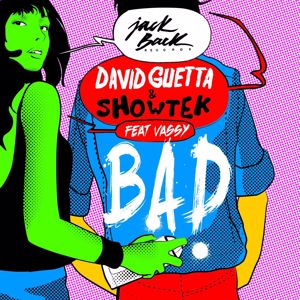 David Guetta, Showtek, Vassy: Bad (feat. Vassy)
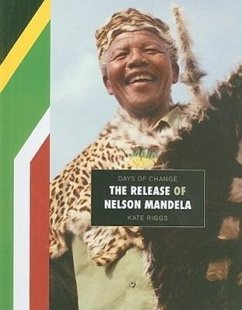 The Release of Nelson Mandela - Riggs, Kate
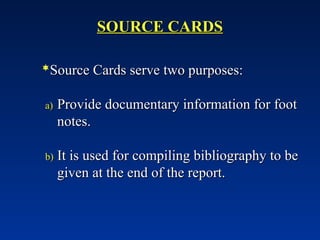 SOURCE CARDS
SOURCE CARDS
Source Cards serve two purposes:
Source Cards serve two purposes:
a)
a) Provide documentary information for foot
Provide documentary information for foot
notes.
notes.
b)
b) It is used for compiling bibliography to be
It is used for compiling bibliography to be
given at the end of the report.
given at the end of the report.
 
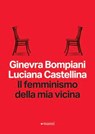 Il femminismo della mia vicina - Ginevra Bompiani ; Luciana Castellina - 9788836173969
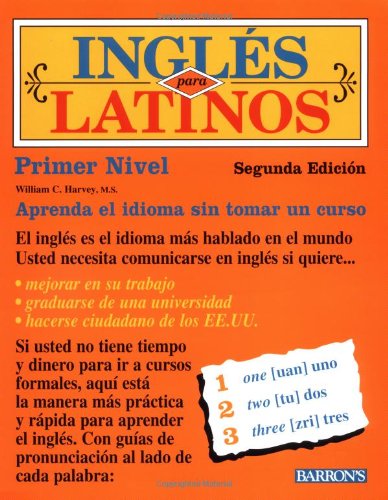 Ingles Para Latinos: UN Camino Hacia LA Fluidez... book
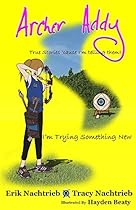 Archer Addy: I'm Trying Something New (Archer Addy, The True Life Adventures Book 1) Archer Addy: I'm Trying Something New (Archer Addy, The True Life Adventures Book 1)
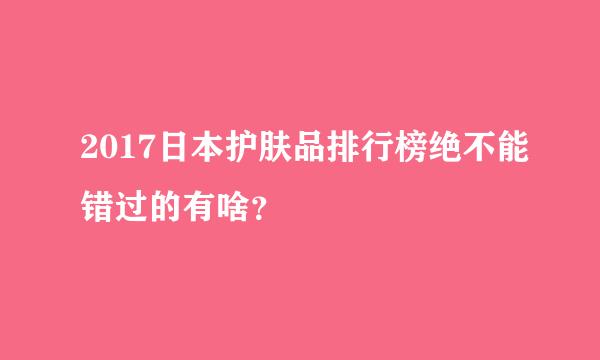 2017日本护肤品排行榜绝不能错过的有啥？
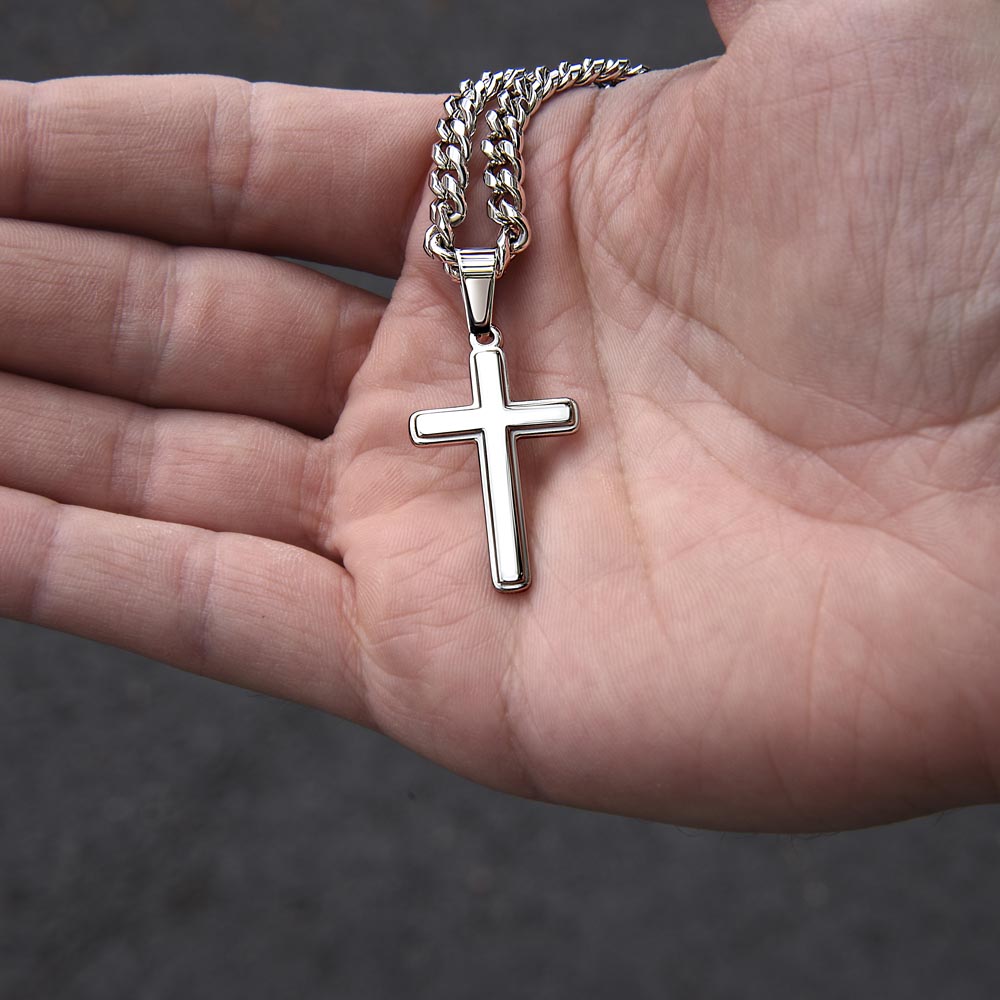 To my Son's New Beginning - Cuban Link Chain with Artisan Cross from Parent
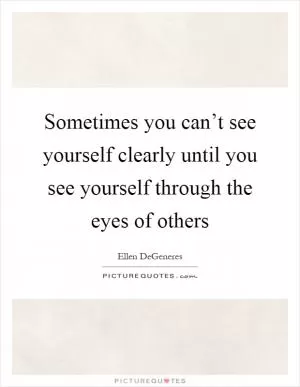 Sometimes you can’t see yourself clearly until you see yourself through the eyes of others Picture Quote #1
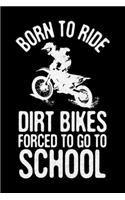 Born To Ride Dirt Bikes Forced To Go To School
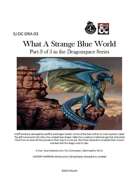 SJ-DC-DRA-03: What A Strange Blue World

• WHAT THIS TASK INVOLVES: Using the data above, state the number of lines that contain the word "compiling"; add nothing else.

• TASK OUTPUT: 2